TLS certificates are a cornerstone of internet trust, enabling encrypted communication by validating that a website or service is genuine. If misused, such certificates can facilitate “man-in-the-middle” attacks, where attackers intercept and potentially alter data between users and a service. In this case, experts warned that the wrongly issued certificates could have allowed impersonation of Cloudflare’s DNS service, undermining trust in one of the most widely used security infrastructures on the internet.

Fina’s official explanation was that the certificates were generated as part of “internal testing” in a production environment, and that a human error occurred when inputting the IP address. The agency insisted that no private keys or certificates were left on its systems, that the keys were destroyed after testing, and that no end users or services were ever exposed to real risk.

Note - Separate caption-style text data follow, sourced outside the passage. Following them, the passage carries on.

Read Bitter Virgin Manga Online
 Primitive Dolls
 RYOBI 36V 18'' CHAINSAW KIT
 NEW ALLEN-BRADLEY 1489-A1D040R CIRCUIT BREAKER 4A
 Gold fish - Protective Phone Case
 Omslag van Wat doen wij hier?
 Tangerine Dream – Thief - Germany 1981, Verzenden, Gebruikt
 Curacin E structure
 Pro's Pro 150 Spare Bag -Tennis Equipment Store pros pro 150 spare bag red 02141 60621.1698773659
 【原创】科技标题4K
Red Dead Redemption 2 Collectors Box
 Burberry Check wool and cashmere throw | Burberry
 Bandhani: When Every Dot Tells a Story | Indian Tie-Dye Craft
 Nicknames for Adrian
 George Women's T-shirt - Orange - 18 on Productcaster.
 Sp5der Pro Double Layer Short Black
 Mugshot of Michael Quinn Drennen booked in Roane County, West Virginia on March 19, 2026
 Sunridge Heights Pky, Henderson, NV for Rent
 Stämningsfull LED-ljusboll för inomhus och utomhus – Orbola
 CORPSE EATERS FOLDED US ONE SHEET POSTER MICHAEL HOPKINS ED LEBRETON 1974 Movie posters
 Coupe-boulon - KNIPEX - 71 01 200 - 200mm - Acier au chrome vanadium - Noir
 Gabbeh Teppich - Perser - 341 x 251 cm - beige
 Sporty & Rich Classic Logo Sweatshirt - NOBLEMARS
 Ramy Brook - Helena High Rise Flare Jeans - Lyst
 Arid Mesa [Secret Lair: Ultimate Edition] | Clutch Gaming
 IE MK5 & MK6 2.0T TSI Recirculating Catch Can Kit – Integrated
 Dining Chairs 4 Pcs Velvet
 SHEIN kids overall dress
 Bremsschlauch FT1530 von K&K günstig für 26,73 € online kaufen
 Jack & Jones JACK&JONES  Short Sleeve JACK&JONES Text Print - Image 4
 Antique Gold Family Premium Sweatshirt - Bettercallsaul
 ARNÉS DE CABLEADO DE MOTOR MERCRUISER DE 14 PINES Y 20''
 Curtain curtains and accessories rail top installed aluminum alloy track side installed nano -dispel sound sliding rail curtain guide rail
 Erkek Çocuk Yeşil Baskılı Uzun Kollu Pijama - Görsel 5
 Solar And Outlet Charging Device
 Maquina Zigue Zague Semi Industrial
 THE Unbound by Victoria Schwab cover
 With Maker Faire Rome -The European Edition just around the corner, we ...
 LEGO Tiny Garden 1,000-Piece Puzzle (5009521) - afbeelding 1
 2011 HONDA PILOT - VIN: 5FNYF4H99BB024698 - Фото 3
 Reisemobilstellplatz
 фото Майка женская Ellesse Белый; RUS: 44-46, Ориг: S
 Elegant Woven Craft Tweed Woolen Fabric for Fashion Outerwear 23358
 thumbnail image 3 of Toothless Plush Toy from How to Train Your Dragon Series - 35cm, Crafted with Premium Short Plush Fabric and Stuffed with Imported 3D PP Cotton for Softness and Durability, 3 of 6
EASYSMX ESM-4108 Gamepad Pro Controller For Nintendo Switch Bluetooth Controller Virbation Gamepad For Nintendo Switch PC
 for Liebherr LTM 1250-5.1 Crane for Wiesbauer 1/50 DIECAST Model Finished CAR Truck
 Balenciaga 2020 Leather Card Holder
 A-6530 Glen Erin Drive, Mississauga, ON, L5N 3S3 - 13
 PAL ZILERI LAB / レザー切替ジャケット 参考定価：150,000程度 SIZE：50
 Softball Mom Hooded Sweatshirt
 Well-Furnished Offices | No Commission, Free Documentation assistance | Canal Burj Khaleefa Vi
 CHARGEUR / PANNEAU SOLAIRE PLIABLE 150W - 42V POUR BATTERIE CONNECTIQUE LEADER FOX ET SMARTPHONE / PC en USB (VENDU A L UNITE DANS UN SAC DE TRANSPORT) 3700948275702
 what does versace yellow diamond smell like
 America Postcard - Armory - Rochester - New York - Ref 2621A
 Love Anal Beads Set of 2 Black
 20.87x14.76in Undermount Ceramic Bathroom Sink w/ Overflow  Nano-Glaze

It framed the incident as an isolated mistake, promising to update its procedures to avoid similar errors in the future.

Despite this reassurance, the situation exposed serious shortcomings. First, Cloudflare discovered the problem only after the community flagged unusual entries in Certificate Transparency (CT) logs, months after the certificates were issued. Cloudflare itself admitted that its monitoring systems were insufficient to detect certificates issued solely for IP addresses without associated domains. In effect, Cloudflare “missed” the problem three times: by not tracking IP-based certificates, by failing to filter anomalies properly, and by not having sufficient alerts to catch the irregularity.

Second, Microsoft’s systems also allowed the certificates to be trusted for months within its Windows and Edge ecosystem. Unlike Google Chrome, Mozilla Firefox, or Apple Safari, which do not trust Fina’s root certificate authority, Microsoft automatically includes Fina Root CA in its trusted root program. This meant that millions of Windows users were theoretically vulnerable until Microsoft intervened and revoked the problematic certificates.

The incident sparked alarm among cybersecurity professionals. Analysts such as Marko Rakar and Lucijan Carić called it an unprecedented breach of trust, warning that Fina had undermined its role as a certificate authority. Comparisons were drawn to past incidents, such as the DigiNotar breach in 2011, which shook global confidence in certificate authorities. The fact that four months passed before the error was detected highlighted the fragility of the internet’s trust model.

Ultimately, the case illustrates systemic weaknesses across multiple actors. Fina erred by issuing certificates it had no authority over, Cloudflare failed to promptly detect the anomaly, and Microsoft’s permissive trust model prolonged the risk. While no evidence of misuse has been found, the episode serves as a cautionary tale of how a single misstep in certificate issuance can escalate into a global internet security concern, raising questions about oversight, accountability, and the resilience of the trust-based TLS ecosystem.